Cubero FJ, Nieto N. Arachidonic acid stimulates TNF alpha production in Kupffer cells via a reactive oxygen species-pERK1/2-Egr1-dependent mechanism. Am J Physiol Gastrointest Liver Physiol 303: G228-G239, 2012. First published April 26, 2012; doi:10.1152/ajpgi.00465.2011.-Kupffer cells are a key source of mediators of alcohol-induced liver damage such as reactive oxygen species, chemokines, growth factors, and eicosanoids. Since diets rich in polyunsaturated fatty acids are a requirement for the development of alcoholic liver disease, we hypothesized that polyunsaturated fatty acids could synergize with ethanol to promote Kupffer cell activation and TNF alpha production, hence, contributing to liver injury. Primary Kupffer cells from control and from ethanol-fed rats incubated with arachidonic acid showed similar proliferation rates than nontreated cells; however, arachidonic acid induced phenotypic changes, lipid peroxidation, hydroperoxides, and superoxide radical generation. Similar effects occurred in human Kupffer cells. These events were greater in Kupffer cells from ethanol-fed rats, and antioxidants and inhibitors of arachidonic acid metabolism prevented them. Arachidonic acid treatment increased NADPH oxidase activity. Inhibitors of NADPH oxidase and of arachidonic acid metabolism partially prevented the increase in oxidant stress. Upon arachidonic acid stimulation, there was a rapid and sustained increase in TNF alpha, which was greater in Kupffer cells from ethanol-fed rats than in Kupffer cells from control rats.
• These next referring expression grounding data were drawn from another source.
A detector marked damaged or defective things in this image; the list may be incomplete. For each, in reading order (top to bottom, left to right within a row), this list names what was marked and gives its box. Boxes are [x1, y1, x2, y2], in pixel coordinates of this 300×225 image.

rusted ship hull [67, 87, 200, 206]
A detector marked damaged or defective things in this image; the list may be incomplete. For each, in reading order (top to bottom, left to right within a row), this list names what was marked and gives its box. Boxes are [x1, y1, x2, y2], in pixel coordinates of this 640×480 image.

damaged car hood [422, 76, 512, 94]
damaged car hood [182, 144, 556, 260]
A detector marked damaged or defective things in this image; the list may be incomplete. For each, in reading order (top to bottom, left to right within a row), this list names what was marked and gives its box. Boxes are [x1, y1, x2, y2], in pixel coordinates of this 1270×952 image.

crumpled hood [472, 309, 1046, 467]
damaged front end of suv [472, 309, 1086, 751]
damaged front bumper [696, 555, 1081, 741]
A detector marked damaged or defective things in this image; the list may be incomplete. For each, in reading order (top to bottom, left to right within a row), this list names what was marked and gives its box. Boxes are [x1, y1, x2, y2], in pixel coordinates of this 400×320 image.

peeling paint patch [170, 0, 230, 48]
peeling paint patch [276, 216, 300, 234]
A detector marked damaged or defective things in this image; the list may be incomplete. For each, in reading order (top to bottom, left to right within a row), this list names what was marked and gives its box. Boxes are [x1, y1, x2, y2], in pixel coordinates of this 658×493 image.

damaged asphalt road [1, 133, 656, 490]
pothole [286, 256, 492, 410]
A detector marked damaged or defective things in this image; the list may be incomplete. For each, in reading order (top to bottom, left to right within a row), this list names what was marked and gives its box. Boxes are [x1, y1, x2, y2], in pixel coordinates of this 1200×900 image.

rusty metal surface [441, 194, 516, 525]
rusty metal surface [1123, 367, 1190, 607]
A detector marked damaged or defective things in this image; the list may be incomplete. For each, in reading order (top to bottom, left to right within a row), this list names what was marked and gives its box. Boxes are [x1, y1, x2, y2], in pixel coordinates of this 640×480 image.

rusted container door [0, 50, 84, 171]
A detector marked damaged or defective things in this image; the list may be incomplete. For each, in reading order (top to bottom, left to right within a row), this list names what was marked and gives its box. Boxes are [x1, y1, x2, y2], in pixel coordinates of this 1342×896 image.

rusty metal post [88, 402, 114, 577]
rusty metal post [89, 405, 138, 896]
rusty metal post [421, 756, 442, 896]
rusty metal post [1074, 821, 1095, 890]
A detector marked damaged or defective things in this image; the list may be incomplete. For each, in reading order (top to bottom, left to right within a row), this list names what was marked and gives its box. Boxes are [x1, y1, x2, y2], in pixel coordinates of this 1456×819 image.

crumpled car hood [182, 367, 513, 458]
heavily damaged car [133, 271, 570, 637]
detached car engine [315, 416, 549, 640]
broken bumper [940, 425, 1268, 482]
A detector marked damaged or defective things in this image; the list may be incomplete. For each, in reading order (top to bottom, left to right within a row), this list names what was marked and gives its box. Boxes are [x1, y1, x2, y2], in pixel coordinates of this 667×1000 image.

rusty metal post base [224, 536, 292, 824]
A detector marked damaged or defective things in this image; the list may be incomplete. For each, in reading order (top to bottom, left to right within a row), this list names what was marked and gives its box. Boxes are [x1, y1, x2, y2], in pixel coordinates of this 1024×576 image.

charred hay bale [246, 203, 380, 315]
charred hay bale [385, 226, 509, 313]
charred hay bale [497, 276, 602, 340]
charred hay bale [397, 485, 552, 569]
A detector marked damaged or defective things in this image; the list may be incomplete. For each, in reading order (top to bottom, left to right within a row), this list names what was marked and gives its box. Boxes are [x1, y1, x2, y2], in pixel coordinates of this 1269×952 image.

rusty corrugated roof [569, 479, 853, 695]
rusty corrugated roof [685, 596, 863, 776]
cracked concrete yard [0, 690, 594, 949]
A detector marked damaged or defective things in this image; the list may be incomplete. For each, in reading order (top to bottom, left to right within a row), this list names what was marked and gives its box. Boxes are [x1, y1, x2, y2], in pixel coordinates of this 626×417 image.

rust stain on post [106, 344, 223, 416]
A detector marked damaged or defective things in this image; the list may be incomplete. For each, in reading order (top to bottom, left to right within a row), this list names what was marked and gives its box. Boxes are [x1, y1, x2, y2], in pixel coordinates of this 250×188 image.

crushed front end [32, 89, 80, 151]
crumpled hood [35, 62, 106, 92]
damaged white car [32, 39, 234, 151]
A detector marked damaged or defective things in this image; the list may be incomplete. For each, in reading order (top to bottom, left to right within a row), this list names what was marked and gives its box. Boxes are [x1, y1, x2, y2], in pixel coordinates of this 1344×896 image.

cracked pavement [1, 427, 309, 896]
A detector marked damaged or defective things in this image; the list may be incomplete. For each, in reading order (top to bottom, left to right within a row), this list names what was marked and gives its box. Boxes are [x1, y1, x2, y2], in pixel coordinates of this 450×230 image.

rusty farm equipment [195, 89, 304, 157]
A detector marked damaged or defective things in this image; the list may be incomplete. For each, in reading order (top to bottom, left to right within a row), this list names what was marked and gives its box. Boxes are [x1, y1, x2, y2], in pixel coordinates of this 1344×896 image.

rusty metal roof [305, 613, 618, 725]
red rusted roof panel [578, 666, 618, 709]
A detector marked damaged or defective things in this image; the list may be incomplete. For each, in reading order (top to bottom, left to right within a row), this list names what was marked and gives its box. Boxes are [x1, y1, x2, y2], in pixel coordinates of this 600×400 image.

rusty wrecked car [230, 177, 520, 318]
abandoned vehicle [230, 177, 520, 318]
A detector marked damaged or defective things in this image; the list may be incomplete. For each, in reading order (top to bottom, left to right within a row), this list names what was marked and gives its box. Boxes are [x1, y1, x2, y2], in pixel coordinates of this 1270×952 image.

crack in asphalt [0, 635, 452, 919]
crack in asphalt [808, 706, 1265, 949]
Arachidonic acid induced ERK1/2 phosphorylation and nuclear translocation of early growth response-1 (Egr1), and ethanol synergized with arachidonic acid to promote this effect. PD98059, a mitogen extracellular kinase 1/2 inhibitor, and curcumin, an Egr1 inhibitor, blocked the arachidonic acid-mediated upregulation of TNF alpha in Kupffer cells. This study unveils the mechanism whereby arachidonic acid and ethanol increase TNF alpha production in Kupffer cells, thus contributing to alcoholic liver disease.